WASHINGTON (Reuters) – Police officers defending the U.S. Capitol against an attack by Donald Trump’s supporters might have quelled the violence sooner had their leadership not blocked them from using weapons like sting-ball grenades, a watchdog testified on Thursday.
Michael Bolton, the U.S. Capitol Police inspector general, told the House of Representatives Administration Committee that such equipment, which release dozens of small, stinging balls, “would have provided a better posture to repel the attacks.”
But he testified that a Capitol Police assistant deputy chief decided that such non-lethal grenades and launchers, could have been deployed in an unsafe manner, causing serious injuries. Protesters during last summer’s anti-racism demonstrations were injured by such weapons.
Bolton said better training would have been the remedy to that concern.
Committee Chairwoman Zoe Lofgren said investigators found that riot shields were locked in a bus too far away from police officers to quickly gain access to them during the Jan. 6 attack, forcing officers to face a violent, unruly mob with inadequate protective equipment.
Former President Donald Trump and some of his fellow Republicans have tried to downplay the attack, when hundreds of his supporters stormed the Capitol in an attempt to disrupt Congress’ certification of Joe Biden’s presidential election victory.
Five people, including Capitol Police officer Brian Sicknick, died in the violence, and many more officers suffered injuries.

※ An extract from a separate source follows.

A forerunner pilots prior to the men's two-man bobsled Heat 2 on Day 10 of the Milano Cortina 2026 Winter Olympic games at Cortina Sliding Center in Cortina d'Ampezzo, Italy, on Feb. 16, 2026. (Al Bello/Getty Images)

Lawmakers were forced to huddle in secure rooms while law enforcement battled the rioters.
Bolton also testified that police standard operating procedures were not followed and that officer training deficiencies contributed to rioters being able to breach security and storm their way through the iconic Capitol.
Republican Representative Bryan Steil asked Bolton whether past years’ inspector general recommendations for improvements in intelligence operations and other areas were implemented.
Bolton replied that in some cases they were, but subsequently they sometimes “slid off.”
He added that a recommendation that USCP officers receive security clearances so that they could receive detailed intelligence information — allowing them to react to threats in a more nimble way — were not implemented.
Bolton’s reports to Congress found the Capitol Police Civil Disturbance Unit was operating on Jan. 6 “at a decreased level of readiness” and that the department needed to improve its management of weapons, ammunition and riot shields.
Internal investigations led to detailed recommendations that the Capitol Police immediately improve its intelligence operations and beef up the readiness of the civil disturbances unit.